__About this task__: Single out the lines of the material that contain "sales" and copy them.

□ □ □ □ □

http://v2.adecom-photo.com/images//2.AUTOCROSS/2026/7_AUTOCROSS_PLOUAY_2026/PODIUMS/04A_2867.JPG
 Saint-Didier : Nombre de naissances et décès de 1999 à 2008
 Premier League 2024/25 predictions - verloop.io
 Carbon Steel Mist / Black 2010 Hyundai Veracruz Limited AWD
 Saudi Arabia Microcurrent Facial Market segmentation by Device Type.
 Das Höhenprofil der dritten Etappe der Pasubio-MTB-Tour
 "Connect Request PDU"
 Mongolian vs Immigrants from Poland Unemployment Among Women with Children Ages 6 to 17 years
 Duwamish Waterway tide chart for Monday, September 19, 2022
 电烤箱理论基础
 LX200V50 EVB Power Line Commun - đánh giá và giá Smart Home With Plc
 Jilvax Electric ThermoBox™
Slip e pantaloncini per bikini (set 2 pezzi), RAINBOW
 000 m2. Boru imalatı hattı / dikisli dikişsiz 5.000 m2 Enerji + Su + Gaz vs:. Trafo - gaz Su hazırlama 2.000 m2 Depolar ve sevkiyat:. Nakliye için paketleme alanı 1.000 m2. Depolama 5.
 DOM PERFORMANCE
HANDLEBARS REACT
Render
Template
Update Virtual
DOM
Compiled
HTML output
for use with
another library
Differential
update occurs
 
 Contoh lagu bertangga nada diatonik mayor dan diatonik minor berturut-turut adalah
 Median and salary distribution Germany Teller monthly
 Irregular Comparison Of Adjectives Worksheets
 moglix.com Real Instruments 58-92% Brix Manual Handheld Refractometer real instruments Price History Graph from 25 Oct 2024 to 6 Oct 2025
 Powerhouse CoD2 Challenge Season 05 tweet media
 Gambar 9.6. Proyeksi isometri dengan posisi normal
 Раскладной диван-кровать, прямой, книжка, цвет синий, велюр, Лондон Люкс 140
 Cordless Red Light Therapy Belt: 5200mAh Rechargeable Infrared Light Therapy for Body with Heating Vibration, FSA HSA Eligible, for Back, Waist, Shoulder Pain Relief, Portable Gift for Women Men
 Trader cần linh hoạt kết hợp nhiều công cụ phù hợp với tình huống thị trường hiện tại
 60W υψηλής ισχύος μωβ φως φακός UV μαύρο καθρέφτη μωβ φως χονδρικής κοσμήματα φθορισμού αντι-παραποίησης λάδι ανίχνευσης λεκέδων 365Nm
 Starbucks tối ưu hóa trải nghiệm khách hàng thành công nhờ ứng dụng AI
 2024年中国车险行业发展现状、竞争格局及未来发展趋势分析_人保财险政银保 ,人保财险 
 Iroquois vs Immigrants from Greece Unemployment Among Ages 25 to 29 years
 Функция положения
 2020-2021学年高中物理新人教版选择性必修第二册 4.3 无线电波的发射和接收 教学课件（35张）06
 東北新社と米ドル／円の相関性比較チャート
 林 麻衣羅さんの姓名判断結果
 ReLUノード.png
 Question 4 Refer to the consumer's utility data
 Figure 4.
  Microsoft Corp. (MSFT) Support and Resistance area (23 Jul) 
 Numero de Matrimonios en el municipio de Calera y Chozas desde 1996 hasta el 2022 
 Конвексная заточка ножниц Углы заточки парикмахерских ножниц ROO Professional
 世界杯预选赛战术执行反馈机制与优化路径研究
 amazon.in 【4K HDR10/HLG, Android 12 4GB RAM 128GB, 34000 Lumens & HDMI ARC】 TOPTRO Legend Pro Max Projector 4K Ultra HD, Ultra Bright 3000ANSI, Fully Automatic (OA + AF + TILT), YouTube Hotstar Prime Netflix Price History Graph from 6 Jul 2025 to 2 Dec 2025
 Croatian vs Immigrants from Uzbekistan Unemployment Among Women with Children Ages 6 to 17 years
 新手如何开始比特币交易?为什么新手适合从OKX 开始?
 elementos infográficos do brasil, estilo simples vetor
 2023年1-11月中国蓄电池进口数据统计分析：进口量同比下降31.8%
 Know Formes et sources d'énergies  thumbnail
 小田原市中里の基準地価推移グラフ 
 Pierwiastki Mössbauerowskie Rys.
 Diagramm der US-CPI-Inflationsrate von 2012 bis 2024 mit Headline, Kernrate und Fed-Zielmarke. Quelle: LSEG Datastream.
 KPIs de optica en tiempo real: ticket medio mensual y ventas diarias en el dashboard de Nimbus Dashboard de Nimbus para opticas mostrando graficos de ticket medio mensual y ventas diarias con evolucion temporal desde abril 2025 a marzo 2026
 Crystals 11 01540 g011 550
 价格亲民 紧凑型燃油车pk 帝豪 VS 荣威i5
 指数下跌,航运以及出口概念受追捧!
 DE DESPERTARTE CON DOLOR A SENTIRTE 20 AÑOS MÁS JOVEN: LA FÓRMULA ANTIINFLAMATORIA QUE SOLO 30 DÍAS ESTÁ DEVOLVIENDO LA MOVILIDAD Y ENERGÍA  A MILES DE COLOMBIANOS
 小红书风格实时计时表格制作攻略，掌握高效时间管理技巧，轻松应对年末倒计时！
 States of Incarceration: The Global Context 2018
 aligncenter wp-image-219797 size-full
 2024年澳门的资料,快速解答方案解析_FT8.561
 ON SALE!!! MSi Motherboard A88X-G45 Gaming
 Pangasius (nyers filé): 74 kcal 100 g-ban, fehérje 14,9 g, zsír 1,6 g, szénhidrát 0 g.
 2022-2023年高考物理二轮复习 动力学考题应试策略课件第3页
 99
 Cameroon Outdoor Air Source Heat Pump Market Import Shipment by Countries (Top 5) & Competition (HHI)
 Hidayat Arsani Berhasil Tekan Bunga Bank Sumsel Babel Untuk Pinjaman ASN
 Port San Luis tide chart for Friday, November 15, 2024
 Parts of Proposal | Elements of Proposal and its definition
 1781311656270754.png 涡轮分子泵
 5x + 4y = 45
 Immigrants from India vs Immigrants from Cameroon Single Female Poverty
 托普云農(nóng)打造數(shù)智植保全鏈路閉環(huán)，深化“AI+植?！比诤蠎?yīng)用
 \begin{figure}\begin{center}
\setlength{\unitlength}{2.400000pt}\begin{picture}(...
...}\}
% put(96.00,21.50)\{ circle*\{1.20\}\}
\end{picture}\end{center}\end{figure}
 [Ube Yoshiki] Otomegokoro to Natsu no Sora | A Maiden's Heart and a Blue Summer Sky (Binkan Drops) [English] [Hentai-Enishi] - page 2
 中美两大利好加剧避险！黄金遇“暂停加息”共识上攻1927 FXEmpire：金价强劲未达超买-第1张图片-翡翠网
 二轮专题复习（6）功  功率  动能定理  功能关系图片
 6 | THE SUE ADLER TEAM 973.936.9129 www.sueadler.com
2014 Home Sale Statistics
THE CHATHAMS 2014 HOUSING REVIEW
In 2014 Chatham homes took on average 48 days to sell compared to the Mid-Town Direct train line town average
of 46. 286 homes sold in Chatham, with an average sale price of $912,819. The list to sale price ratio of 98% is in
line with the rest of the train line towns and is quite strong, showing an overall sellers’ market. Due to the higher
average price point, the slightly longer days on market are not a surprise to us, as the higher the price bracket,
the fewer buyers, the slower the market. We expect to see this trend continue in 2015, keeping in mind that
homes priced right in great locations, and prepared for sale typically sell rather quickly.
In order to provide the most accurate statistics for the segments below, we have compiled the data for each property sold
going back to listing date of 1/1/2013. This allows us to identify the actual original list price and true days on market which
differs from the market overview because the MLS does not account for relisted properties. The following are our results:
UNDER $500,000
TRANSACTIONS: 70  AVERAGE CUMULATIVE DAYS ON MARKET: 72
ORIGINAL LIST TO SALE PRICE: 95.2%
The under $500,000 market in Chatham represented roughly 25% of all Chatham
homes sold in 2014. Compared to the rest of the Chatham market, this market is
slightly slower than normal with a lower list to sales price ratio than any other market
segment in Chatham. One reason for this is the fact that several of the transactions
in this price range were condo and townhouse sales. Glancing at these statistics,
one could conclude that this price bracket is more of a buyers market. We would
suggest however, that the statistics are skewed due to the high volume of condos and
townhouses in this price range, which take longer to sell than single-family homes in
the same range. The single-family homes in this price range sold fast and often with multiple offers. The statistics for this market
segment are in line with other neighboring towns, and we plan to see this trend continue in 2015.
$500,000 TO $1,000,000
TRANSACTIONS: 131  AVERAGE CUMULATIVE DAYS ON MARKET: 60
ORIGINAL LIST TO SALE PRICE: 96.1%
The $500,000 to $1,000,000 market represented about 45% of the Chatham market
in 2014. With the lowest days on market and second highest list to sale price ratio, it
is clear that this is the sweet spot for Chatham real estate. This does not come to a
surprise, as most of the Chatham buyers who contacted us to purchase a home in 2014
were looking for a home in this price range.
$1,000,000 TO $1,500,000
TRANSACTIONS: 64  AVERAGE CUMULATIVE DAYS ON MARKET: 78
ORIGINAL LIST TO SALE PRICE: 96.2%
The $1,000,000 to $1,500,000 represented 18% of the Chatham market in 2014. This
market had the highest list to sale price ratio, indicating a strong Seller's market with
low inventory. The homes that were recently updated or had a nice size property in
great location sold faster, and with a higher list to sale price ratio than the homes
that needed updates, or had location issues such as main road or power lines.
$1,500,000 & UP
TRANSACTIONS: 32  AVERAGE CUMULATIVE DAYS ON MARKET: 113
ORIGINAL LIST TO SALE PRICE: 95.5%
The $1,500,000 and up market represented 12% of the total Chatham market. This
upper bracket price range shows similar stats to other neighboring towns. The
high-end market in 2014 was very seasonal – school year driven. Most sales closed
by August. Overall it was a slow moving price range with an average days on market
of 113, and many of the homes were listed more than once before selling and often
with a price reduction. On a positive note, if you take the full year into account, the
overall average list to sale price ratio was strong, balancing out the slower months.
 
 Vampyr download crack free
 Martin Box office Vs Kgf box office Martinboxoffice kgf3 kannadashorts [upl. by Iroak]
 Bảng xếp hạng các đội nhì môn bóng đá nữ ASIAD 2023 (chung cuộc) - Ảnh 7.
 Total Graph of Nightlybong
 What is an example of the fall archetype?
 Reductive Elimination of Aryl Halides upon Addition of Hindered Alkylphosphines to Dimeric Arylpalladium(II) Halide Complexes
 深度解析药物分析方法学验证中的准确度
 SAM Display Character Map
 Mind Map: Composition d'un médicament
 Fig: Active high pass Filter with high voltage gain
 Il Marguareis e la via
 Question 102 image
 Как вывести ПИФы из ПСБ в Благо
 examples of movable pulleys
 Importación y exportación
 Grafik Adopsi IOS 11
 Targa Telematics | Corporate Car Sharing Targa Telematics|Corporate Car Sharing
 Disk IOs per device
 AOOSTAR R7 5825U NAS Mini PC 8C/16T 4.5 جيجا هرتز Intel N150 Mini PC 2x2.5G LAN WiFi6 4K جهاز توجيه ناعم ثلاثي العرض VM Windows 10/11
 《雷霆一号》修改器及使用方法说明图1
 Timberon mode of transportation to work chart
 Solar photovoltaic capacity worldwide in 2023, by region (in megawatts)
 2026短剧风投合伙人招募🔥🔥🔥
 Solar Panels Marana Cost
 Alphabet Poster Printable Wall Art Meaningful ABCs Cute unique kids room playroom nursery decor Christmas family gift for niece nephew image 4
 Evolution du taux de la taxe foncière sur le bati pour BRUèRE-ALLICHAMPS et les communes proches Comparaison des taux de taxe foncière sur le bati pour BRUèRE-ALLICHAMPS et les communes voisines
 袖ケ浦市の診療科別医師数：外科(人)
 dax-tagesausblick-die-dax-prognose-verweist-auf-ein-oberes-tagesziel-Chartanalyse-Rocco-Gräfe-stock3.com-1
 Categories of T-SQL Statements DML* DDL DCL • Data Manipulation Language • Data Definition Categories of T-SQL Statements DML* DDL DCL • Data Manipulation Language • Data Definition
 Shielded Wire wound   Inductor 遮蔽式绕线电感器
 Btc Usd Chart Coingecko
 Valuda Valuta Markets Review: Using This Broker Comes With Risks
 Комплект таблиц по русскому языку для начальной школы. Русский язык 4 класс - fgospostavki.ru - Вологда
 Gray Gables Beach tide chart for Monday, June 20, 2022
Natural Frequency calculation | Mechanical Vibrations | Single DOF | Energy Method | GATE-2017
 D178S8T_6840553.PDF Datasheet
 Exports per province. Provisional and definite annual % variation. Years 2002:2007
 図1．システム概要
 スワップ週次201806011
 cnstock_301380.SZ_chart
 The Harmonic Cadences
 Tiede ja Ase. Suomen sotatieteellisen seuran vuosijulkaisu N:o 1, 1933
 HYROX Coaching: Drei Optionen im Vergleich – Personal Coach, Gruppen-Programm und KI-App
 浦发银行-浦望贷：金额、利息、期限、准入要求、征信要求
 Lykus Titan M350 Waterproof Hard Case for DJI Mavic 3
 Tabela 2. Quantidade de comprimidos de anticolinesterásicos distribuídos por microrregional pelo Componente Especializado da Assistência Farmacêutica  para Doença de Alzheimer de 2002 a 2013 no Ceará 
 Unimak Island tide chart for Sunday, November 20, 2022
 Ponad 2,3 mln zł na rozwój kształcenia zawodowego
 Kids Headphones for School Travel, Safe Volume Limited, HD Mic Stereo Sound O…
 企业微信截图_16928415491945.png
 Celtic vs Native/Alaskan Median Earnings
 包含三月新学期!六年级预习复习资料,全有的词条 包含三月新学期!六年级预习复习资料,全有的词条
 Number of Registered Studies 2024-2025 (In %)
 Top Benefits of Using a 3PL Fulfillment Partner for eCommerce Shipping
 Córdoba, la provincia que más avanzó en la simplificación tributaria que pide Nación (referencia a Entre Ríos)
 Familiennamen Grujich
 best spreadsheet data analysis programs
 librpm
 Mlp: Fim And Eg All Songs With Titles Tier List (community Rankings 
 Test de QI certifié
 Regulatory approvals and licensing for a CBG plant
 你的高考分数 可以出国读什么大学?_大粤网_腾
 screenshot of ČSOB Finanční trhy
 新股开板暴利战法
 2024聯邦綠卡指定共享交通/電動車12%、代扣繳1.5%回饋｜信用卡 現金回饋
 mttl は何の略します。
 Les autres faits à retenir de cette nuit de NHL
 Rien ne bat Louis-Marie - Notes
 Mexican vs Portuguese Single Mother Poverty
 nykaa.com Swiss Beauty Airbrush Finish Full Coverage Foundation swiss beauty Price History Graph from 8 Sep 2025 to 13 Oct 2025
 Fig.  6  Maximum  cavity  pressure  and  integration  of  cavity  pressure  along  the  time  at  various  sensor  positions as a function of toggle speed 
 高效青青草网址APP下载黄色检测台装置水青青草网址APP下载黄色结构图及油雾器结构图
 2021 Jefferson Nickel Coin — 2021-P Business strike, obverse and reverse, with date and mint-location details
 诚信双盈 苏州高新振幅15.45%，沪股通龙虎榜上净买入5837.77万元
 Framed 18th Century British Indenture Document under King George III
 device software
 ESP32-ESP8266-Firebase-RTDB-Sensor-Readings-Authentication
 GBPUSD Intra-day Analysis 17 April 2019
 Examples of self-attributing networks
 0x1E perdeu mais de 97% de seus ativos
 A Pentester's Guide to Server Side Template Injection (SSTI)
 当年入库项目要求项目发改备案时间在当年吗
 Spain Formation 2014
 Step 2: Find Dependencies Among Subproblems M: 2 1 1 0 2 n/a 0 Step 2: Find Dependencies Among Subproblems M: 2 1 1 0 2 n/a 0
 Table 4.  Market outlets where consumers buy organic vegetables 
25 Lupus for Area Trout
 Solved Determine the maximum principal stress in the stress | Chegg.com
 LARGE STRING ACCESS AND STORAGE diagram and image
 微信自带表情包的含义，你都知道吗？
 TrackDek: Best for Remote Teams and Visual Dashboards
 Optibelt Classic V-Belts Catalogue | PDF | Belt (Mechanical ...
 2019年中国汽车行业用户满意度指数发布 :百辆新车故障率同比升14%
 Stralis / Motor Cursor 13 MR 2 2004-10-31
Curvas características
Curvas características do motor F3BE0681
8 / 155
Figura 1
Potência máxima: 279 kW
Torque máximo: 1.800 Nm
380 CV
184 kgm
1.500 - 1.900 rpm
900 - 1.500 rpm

□ □ □ □ □

__Finished exercise__:
slightly slower than normal with a lower list to sales price ratio than any other market
in this price range were condo and townhouse sales. Glancing at these statistics,
high-end market in 2014 was very seasonal – school year driven. Most sales closed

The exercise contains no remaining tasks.